Осенью к нам пришел стройный, белокожий, синеглазый, с копной рыжих волос Серёжа Ершов. Он явил мне пример юного – пятилетнего- интеллектуала. Хотя, возможно, он был на год старше меня и ему было шесть. Его любимой книгой был» Спартак» Джованьоли., которую он с восхищении цитировал. Кстати, были в ту пору хорошие цветные карандаши «Спартак» в узкой черно- белой коробочке. Но это так, к слову. Он читал наизусть Лермонтова – Белеет парус одинокий. Причем, произносил не ОдинокИй, а ОдинокАй… Когда Мальчишки нашей группы частенько прилипали носами к стеклу и, тыча пальцами в проезжавшие по проспекту Ленина автомобили, наперебой кричали: «Моя, моя, моя!» – подружившийся со мной Сережа говорил (на лучшие машины!):" Твоя, твоя, твоя!» Когда, перелистывая книжки с картинками, мы наперебой, тыча пальчиками на героев, орали: " Я, я, я!» – Сережа, показывая на богатырей, иван- царевичей, во всеуслышание говорил мне;" Ты, ты, ты! «Это был царский подарок! Жаль, что потом изумительный характер Сережи стал портится, и наша дружба расстроилась. Помню сочиненные Сережей стихи, что называется, на злобу дня… с лирическим финалом:" Трамвай ползет, как черепаха, кондуктор спит, разинув рот, вожатый лает, как собака:" Пройдите, граждане, вперед!» Пришла пора рубить дрова… верблюд из Африки приехал на коньках!)) Ему понравилась колхозная телюшечка в короткой юбочке и шелковых чулках!..

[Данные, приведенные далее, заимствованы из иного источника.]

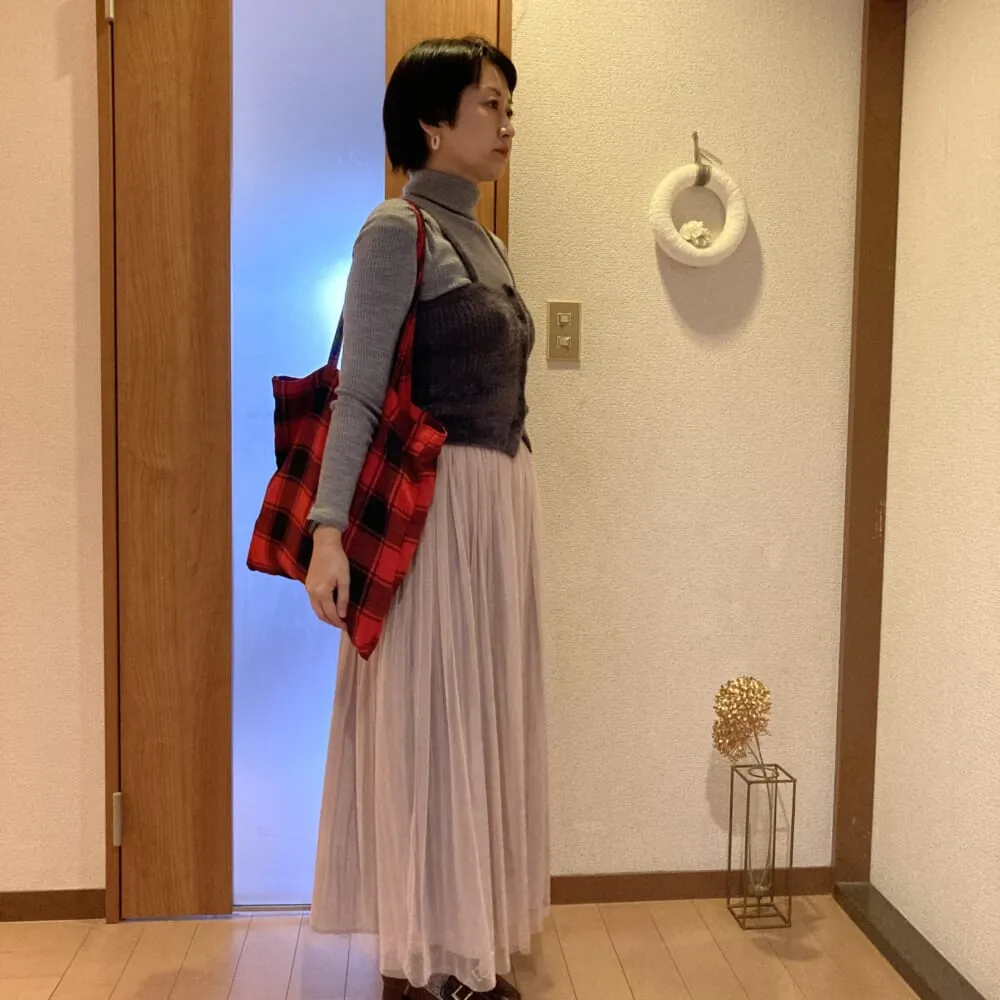 LUCA「リバーシブルチュールプリーツスカート」コーデ例１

Поздней осенью и зимой нам крутили чудесные цветные диафильмы. В том числе- Голубая стрела, по сказке Джанни Родари о мальчике, приходившем всегда полюбоваться в маленьком магазине игрушек игрушечной электрической железной дорогой с поездом под названием Голубая стрела… И как дед- хозяин магазинчика подарил мальчику этот поезд, оказавшийся волшебным, и что из этого стало. Мексиканец, по Джеку Лондону – про жестокие бои без правил на ринге.

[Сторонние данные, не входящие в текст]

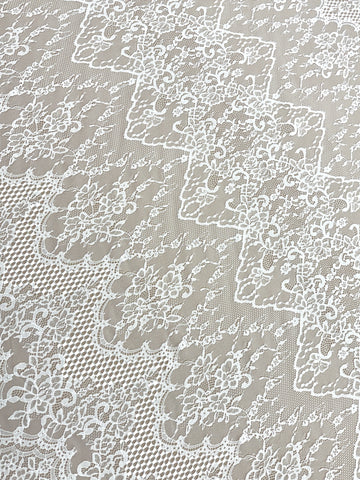 Csipke Chantilly Ivory - 3 m darab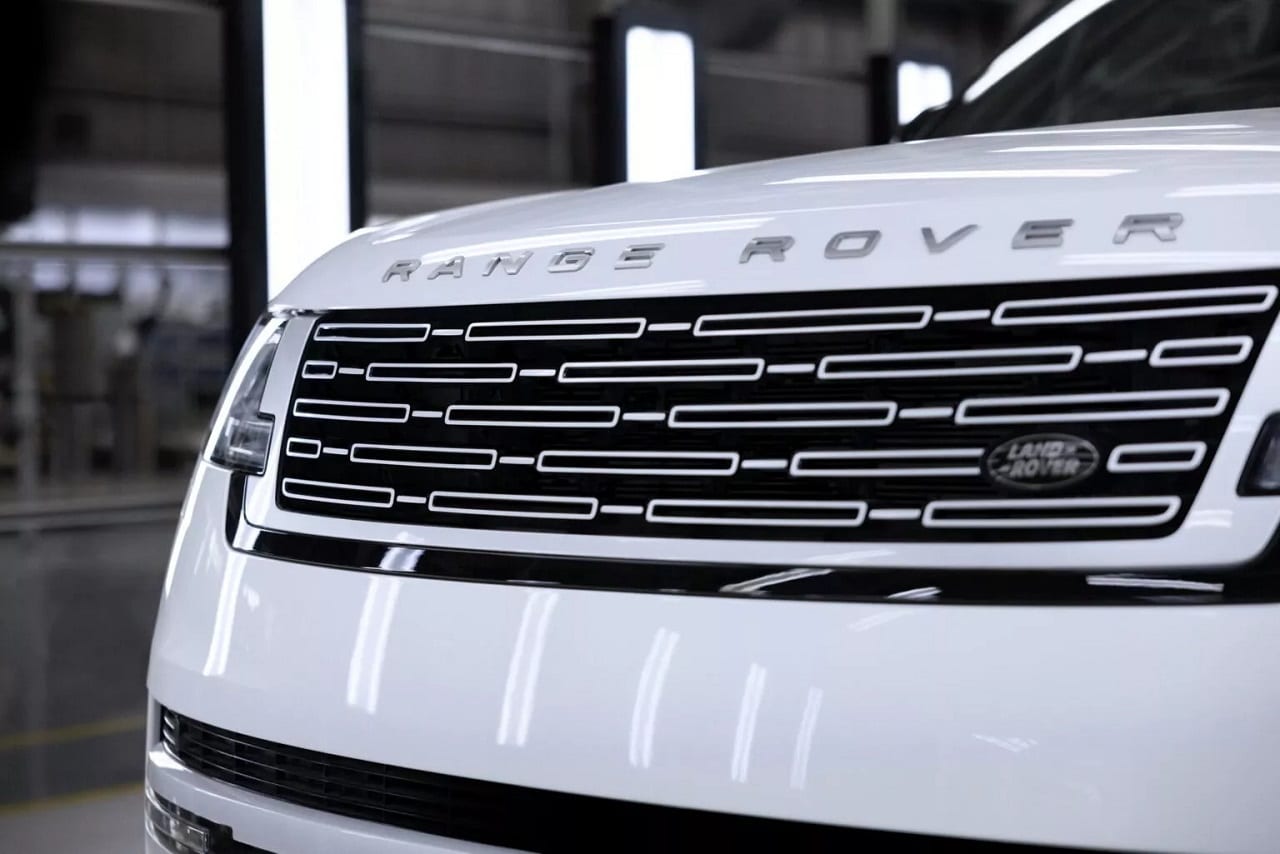 Per la prima volta la Range Rover sarà prodotta fuori dal Regno Unito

В средней группе в нашей жизни появилась воспитательница Тамара Гавриловна. Это что-то из ряда вон …Наверно около сорока лет, чуть скуластое лицо с глубоко посаженными зеленоватыми глазами и вся ее крепко сбитая фигура выражали твердость и уверенность. На меня она смотрела как видавший виды старшина на зеленого и чуть нелепого первогодка из богатенькой семьи. Иногда, если я что -то делал не так, она мотала головой и, нарочито окая, произносила Егоров, Егоров… О своей двухсполовинойлетней дочке она говорила так: «Девка у меня кровь с молоком! Я ей налью наперсточек водочки (полезно ж для здоровья) – она выпьет, огурцом солененьким закусит да вот так пальчиком покажет! No comment. Показывая нам диафильм вместо: " Cел старик, почесал свою голову» – Читает: «Сел старик, почесал свою попу!» Дети, конечно, смеются, но дешевый популизм очевиден многим. Я называл ее Говориловной.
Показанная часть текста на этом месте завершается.